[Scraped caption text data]
______

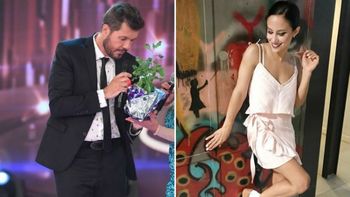 Lourdes Sánchez le contestó a Marcelo Tinelli: Yo me rompo el cuerpo ensayando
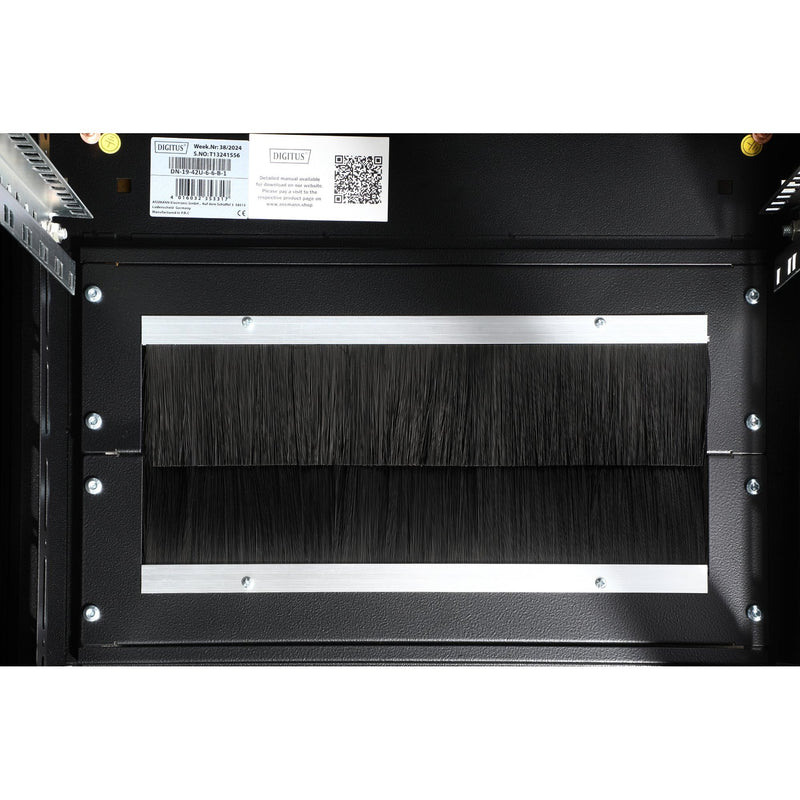 DIGITUS - Netzwerk-/Serverschrank Netzwerkschrank Unique DN-19 42U-6/6-B-1 42HE,RAL 9005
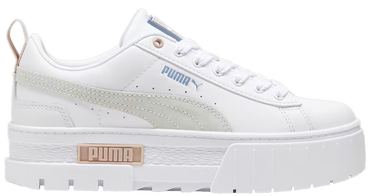 Tenisky a topánky Puma Mayze Leather W Biela | 381983-45, 0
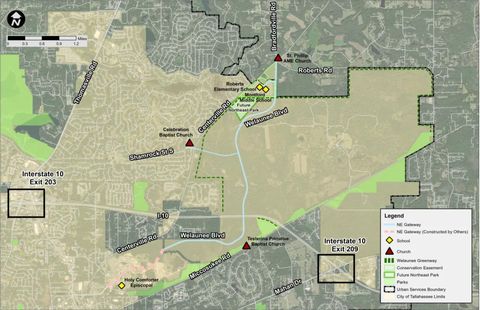 Tiny photo for 0 Pemberton Road, Tallahassee, FL 32308 (MLS # 394760)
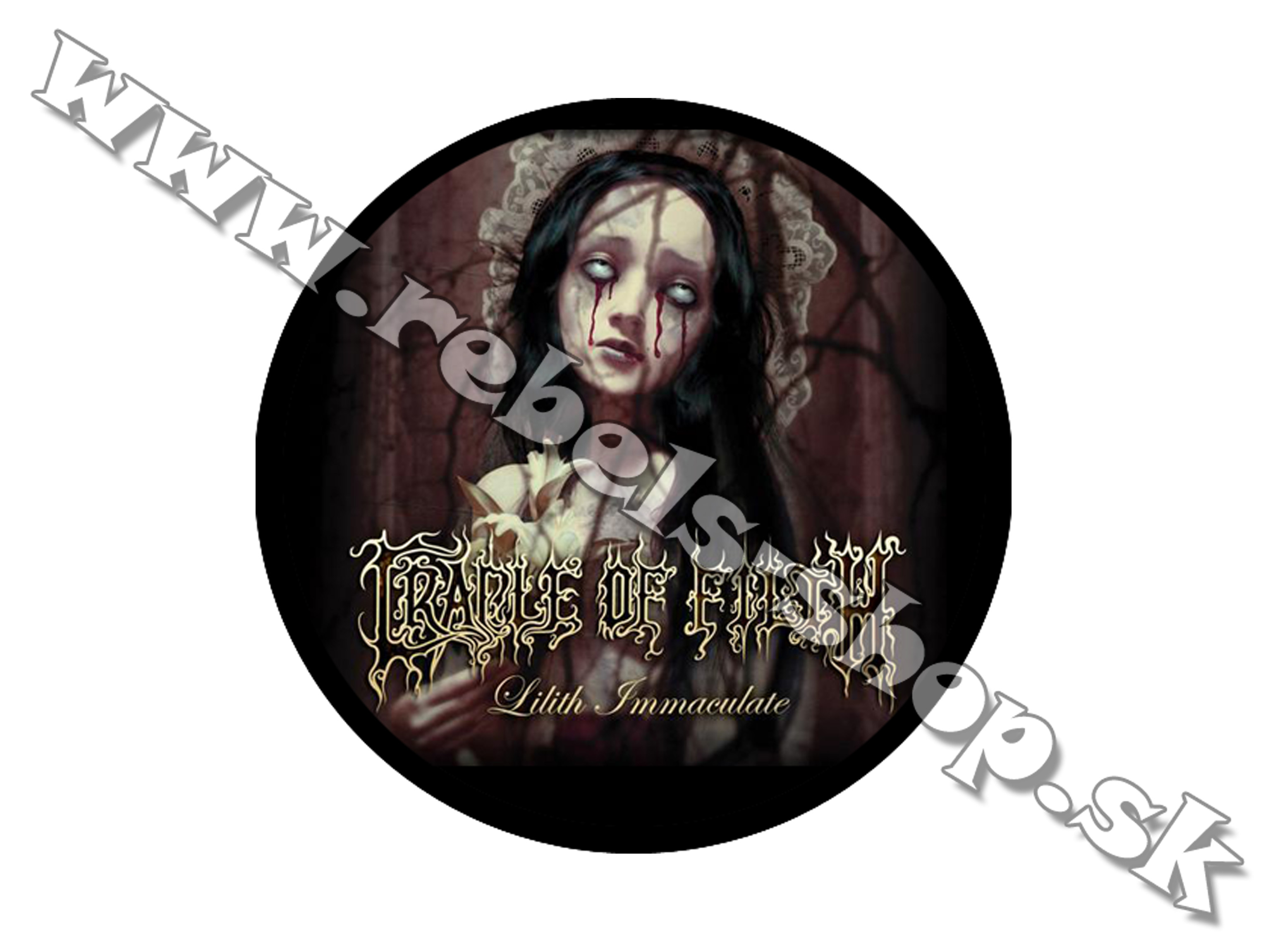 Odznak "Cradle of Filth"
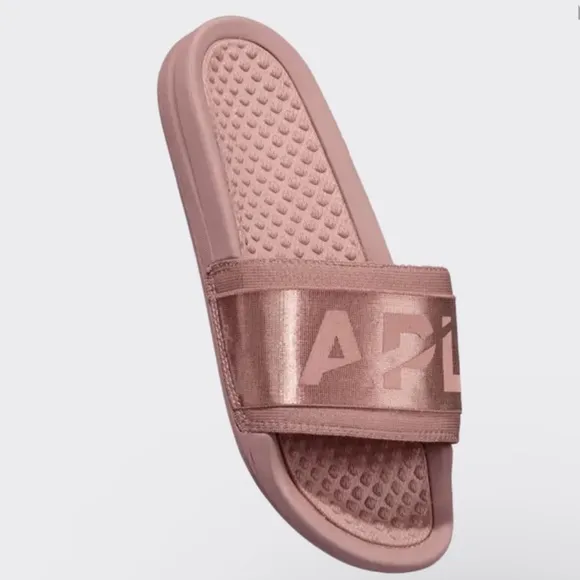 {APL} Brand New Women’s Techloom Satin Slides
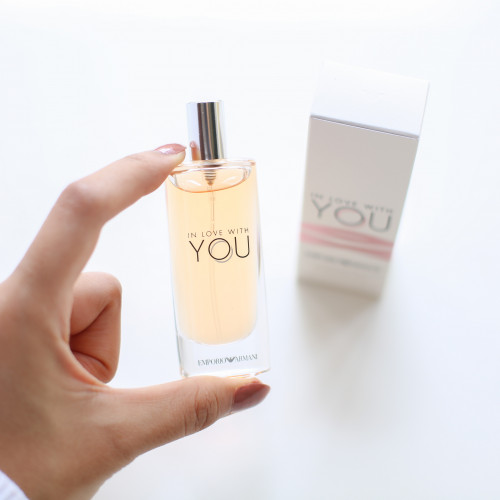 عطر ميني ارماني ان لاف ويذ يو - بخاخ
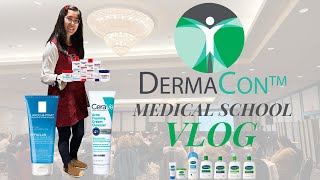 My MD Journey  Dermacon 2023 Vlog [upl. by Euhc926]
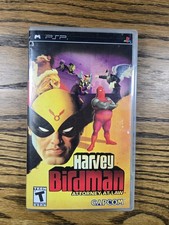 Harvey Birdman: Attorney at Law (Sony PSP, 2008) MANUAL INCLUDED 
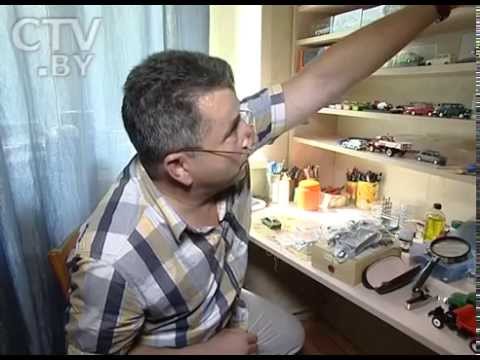Видео: CTV.BY: В Беларуси развивается коллекционирование масштабных моделей автомобилей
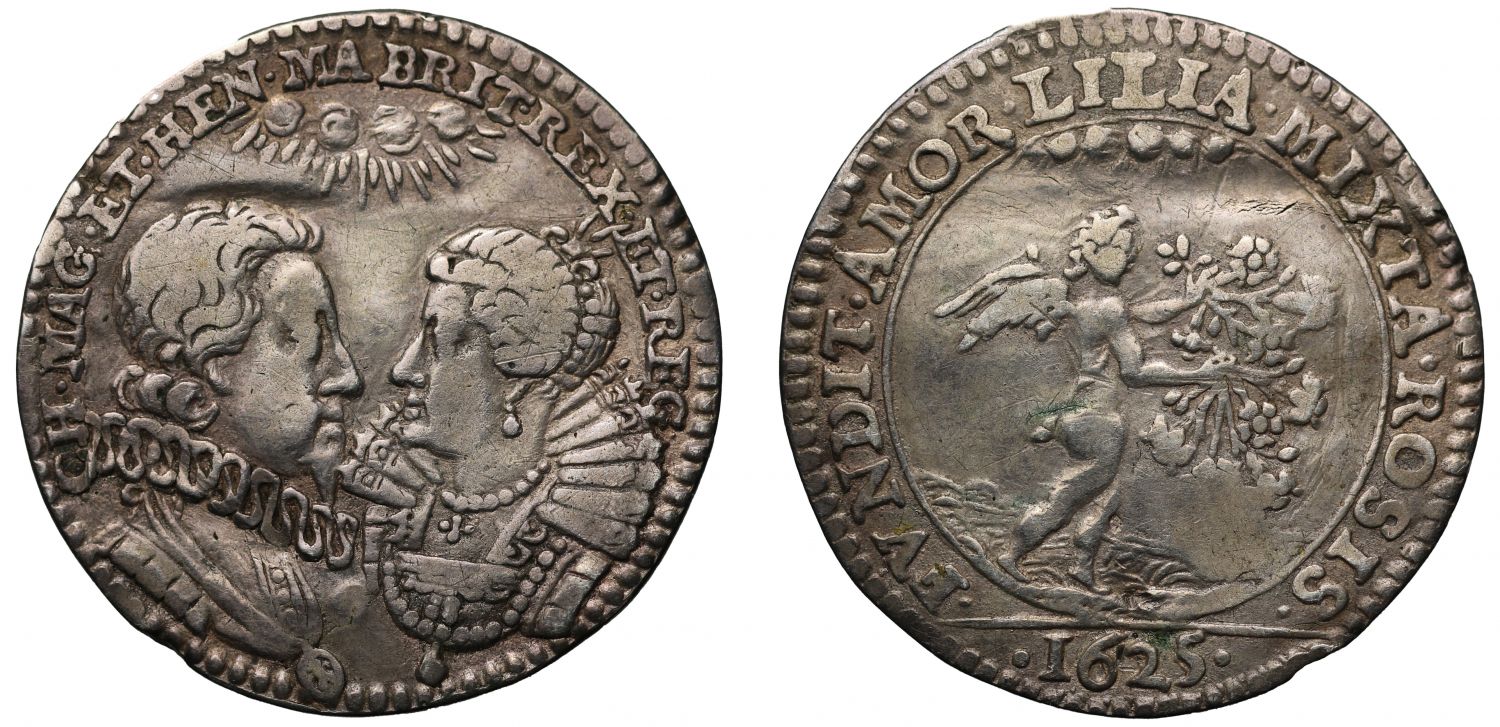 Marriage of Charles I to Henrietta Maria, 1625.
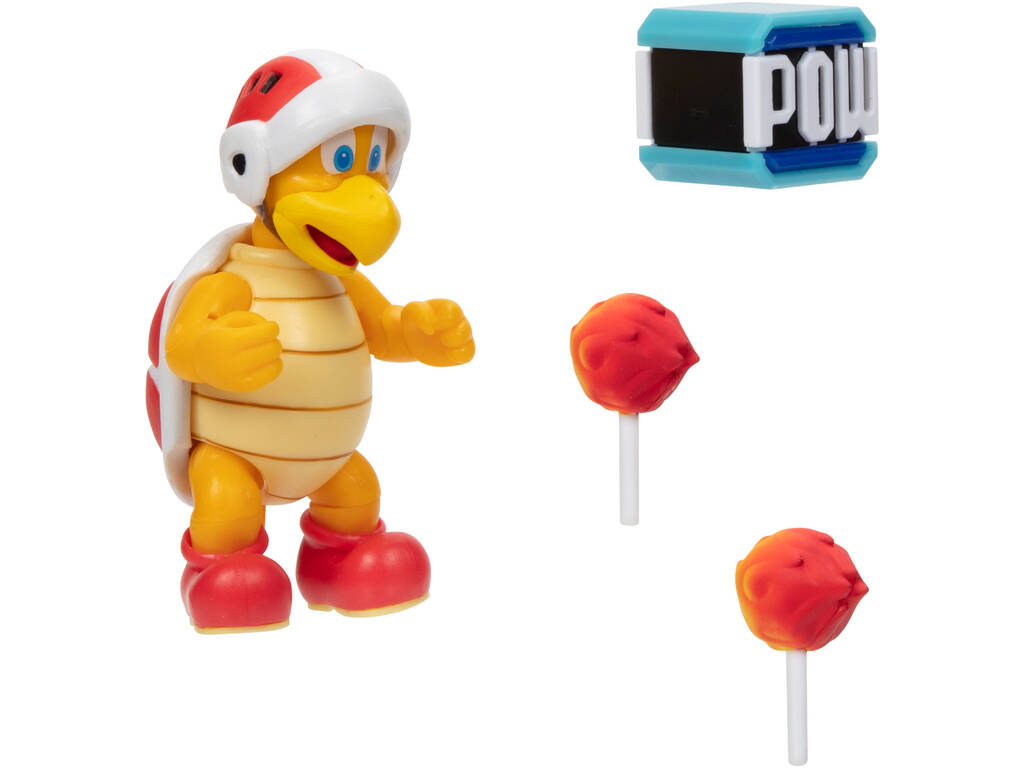 Figurine Super Mario Fire Brother Jakks 41061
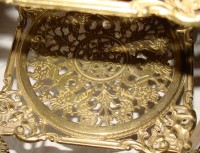 Столик этажерка 2-х ярусная Ар Нуво (M528)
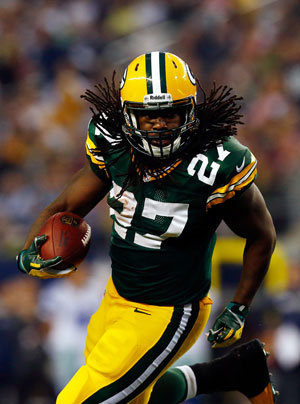 Eddie Lacy, Week 1 RB Rankings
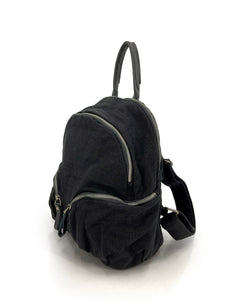Pocket Natural Backpack - Black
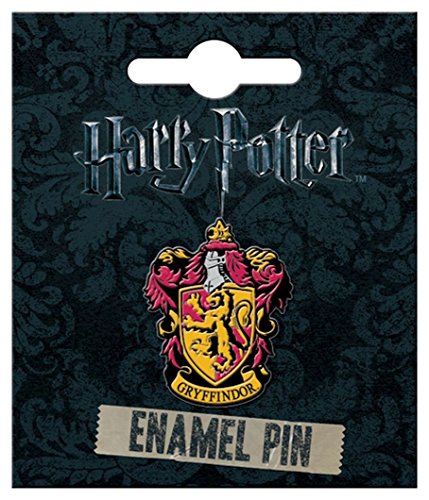 Ata-Boy Harry Potter Gryffindor Crest 3/4" Full Color Enamel Pin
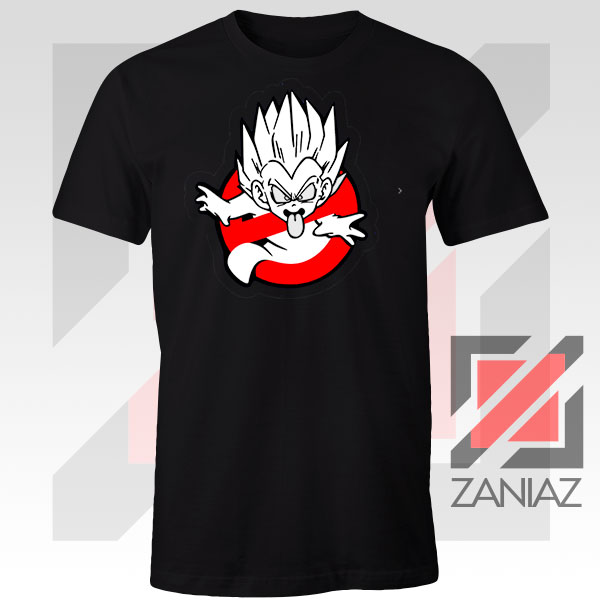 Dragon Ball Parody Ghostbusters T-Shirt – Anime Mashup
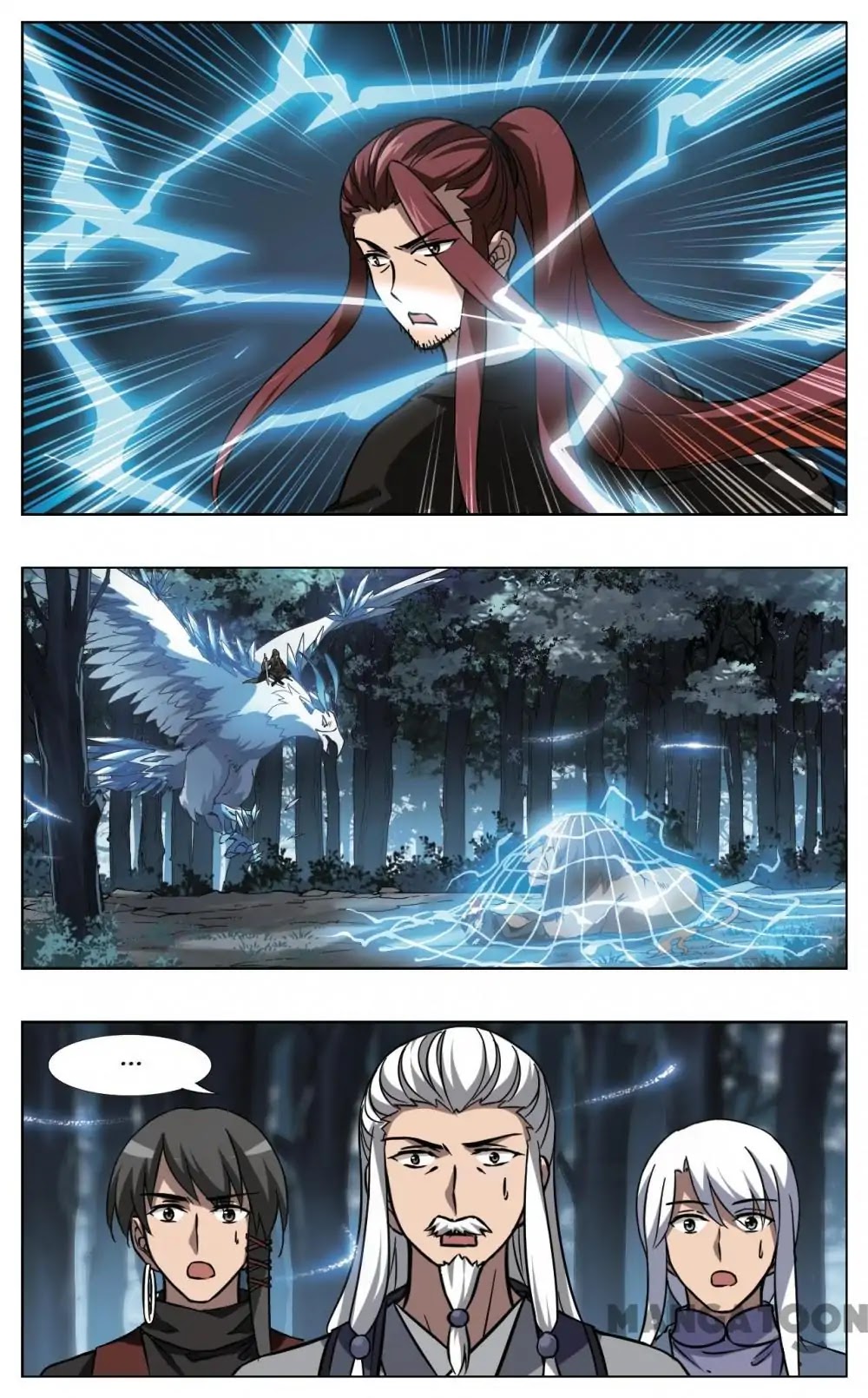 Feng Ni Tian Xia Chapter 293 page 4 - Chapter 293: Episode 293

______

*The task*.
Word for word, write out each line from the one with "Tiny photo for" through the end of the entries above, and omit any pictures.

*Exercise answer*.
 Tiny photo for 0 Pemberton Road, Tallahassee, FL 32308 (MLS # 394760)
 Odznak "Cradle of Filth"
 {APL} Brand New Women’s Techloom Satin Slides
 عطر ميني ارماني ان لاف ويذ يو - بخاخ
 My MD Journey  Dermacon 2023 Vlog [upl. by Euhc926]
 Harvey Birdman: Attorney at Law (Sony PSP, 2008) MANUAL INCLUDED 
Видео: CTV.BY: В Беларуси развивается коллекционирование масштабных моделей автомобилей
 Marriage of Charles I to Henrietta Maria, 1625.
 Figurine Super Mario Fire Brother Jakks 41061
 Столик этажерка 2-х ярусная Ар Нуво (M528)
 Eddie Lacy, Week 1 RB Rankings
Pocket Natural Backpack - Black
 Ata-Boy Harry Potter Gryffindor Crest 3/4" Full Color Enamel Pin
 Dragon Ball Parody Ghostbusters T-Shirt – Anime Mashup
 Feng Ni Tian Xia Chapter 293 page 4 - Chapter 293: Episode 293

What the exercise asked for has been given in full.